My resilience is enhanced profoundly by having ducks, even, strangely enough, not counting the eggs. I’m a happier and more joyful person with ducks. My life is richer. If I find myself feeling discouraged or overwhelmed, I just go and sit with the ducks for a while. It seems to be impossible to stay depressed for very long when surrounded by a flock of foraging ducks.
Many people who want to produce their own eggs think of chickens automatically and never consider whether their needs might be better served by ducks. This is true even in the maritime Northwest, where ducks (but not chickens) can forage happily outdoors year-round. I encourage everyone who wants a home laying flock to start by fully considering the chicken versus duck issue.
Even with only a small suburban or urban yard, you may be able to keep a few laying ducks or chickens. Check with your local animal control officer and with neighborhood association rules. Portland and Eugene, Oregon, for example, will let you keep three hens or ducks. Corvallis, Oregon, will let you keep a flock as long as you keep them on your own land. I now live outside the Corvallis city limits. However, a neighborhood association’s rules apply. Our neighborhood association allows horses, cattle, sheep, and home poultry flocks, but not goats, pigs, or commercial poultry flocks.

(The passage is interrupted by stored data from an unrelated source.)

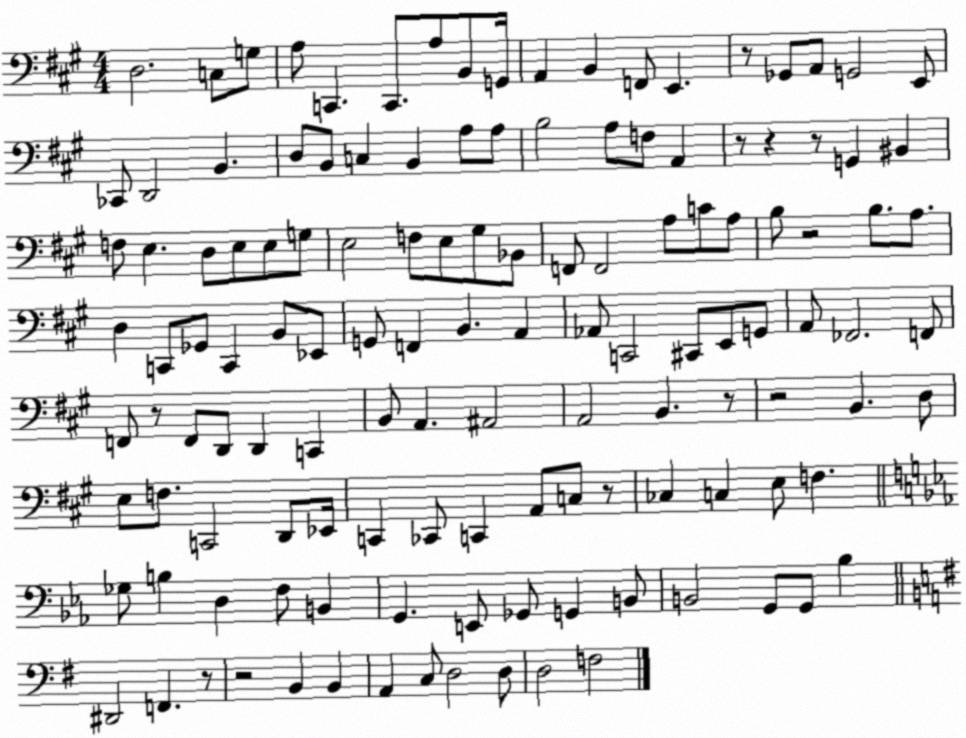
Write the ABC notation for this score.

X:1
T:Untitled
M:4/4
L:1/4
K:A
D,2 C,/2 G,/2 A,/2 C,, C,,/2 A,/2 B,,/2 G,,/4 A,, B,, F,,/2 E,, z/2 _G,,/2 A,,/2 G,,2 E,,/2 _C,,/2 D,,2 B,, D,/2 B,,/2 C, B,, A,/2 A,/2 B,2 A,/2 F,/2 A,, z/2 z z/2 G,, ^B,, F,/2 E, D,/2 E,/2 E,/2 G,/2 E,2 F,/2 E,/2 ^G,/2 _B,,/2 F,,/2 F,,2 A,/2 C/2 A,/2 B,/2 z2 B,/2 A,/2 D, C,,/2 _G,,/2 C,, B,,/2 _E,,/2 G,,/2 F,, B,, A,, _A,,/2 C,,2 ^C,,/2 E,,/2 G,,/2 A,,/2 _F,,2 F,,/2 F,,/2 z/2 F,,/2 D,,/2 D,, C,, B,,/2 A,, ^A,,2 A,,2 B,, z/2 z2 B,, D,/2 E,/2 F,/2 C,,2 D,,/2 _E,,/4 C,, _C,,/2 C,, A,,/2 C,/2 z/2 _C, C, E,/2 F, _G,/2 B, D, F,/2 B,, G,, E,,/2 _G,,/2 G,, B,,/2 B,,2 G,,/2 G,,/2 _B, ^D,,2 F,, z/2 z2 B,, B,, A,, C,/2 D,2 D,/2 D,2 F,2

For those interested in laying ducks, the definitive book is Storey’s Guide to Raising Ducks by Dave Holderread. For those who choose laying chickens, there are many possibilities.
The most ecologically well-adapted livestock for the maritime Northwest is the duck. The best-laying duck breeds lay better than the best-laying chicken breeds. Ducks can free-range year-round in our region. Ducks forage much more of their diets than chickens and eat a larger variety of natural foods common here. Ducks eat snails and slugs, and are better for yard and garden pest control. Ducks love our weather. (I should perhaps mention my biases. I’ve kept five breeds of chickens, two breeds of geese, and seven breeds of ducks. The ducks are my favorites, especially Ancona ducks, and at this point, I keep only a flock of thirty-two Ancona ducks. But I like chickens too.)
Many people who are allergic to chicken eggs can eat duck eggs. A few people are allergic to both. I have also run into occasional people who claim to have problems eating duck eggs who can eat chicken eggs, though this pattern seems to be rare. Ducks from the better-laying breeds and strains can lay well enough to earn their keep for years. Laying chickens are usually not producing economically beyond the second year.
Ducks are much easier to control than chickens. Ducks of laying breeds can be easily confined with a fence only 2 feet high (as long as they have food and water and their buddies with them). Most of the egg breeds of chickens can fly well enough to get over any fencing. Keeping them out of the garden or the eaves of the porch often requires wing-clipping every bird.
Ducks tend to lay eggs that are bigger than chicken eggs from a breed of equivalent size. Some dual-purpose duck breeds (such as Anconas) lay eggs that are very big for the size of the bird.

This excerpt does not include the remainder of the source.